First we were warned about beef, which comes from cattle, which in turn produce not only steaks but farts, which result in increased greenhouse gas emissions.
But now comes word that that lunchtime staple, the lowly sandwich, is also a culprit in the battle to curb global warming:
In the first study of its kind … researchers [at the University of Manchester] carried out an in-depth audit of various sandwiches throughout their life cycles and found the triangular meals could be responsible for the equivalent annual carbon emissions of 8.6 million cars in Britain alone.
What the researchers found was that not all sandwiches are created equal and that some varieties have larger carbon footprints than others. The highest footprint was found in premade, prepackaged, all-day-breakfast sandwiches. These contain eggs, bacon, and sausage and are kept packaged and refrigerated until sold and eaten — all of which is estimated to add up to 1,441 g (3.18 lb) of carbon dioxide equivalent, or roughly the same as driving a car for 12 miles (19 km).
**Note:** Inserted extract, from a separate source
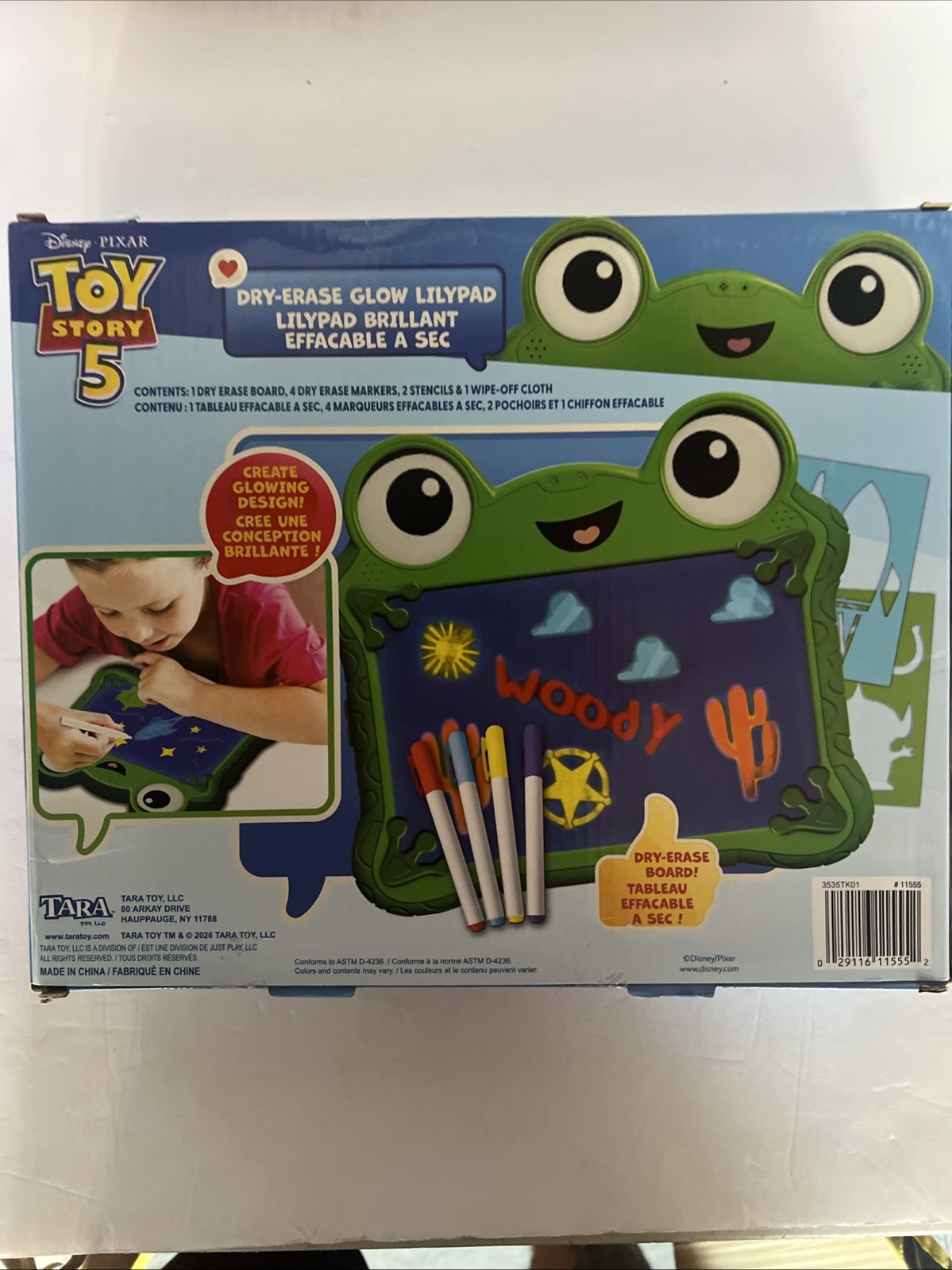 Toy Story 5 Lilypad/Pixar Dry Erase Glow in the Dark Drawing Board, In hand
According to the scientists, a number of factors affect a particular sandwich’s carbon footprint. Ingredients is one of them. Meats, and especially pork for some reason, have especially large footprint culprits.
Another factor is the amount of carbon dioxide emitted during the production of these ingredients. This can account for between 37% to 67% of the carbon dioxide produced.
Still other factors include packaging, mode of transportation, and the need for refrigeration.
No one realistically expects sandwiches to go extinct, but if you want to help the cause, there are steps you can take.
First, make your sandwiches at home. Right off the bat, this halves the carbon footprint of your lunch.
Second — and this is the research team speaking — keep in mind that a ham and cheese sandwich has the lowest carbon footprint. Yes, these same researchers claimed earlier in the report that pork and processed foods emitted more carbon dioxide. Maybe these just got hungry as they were writing.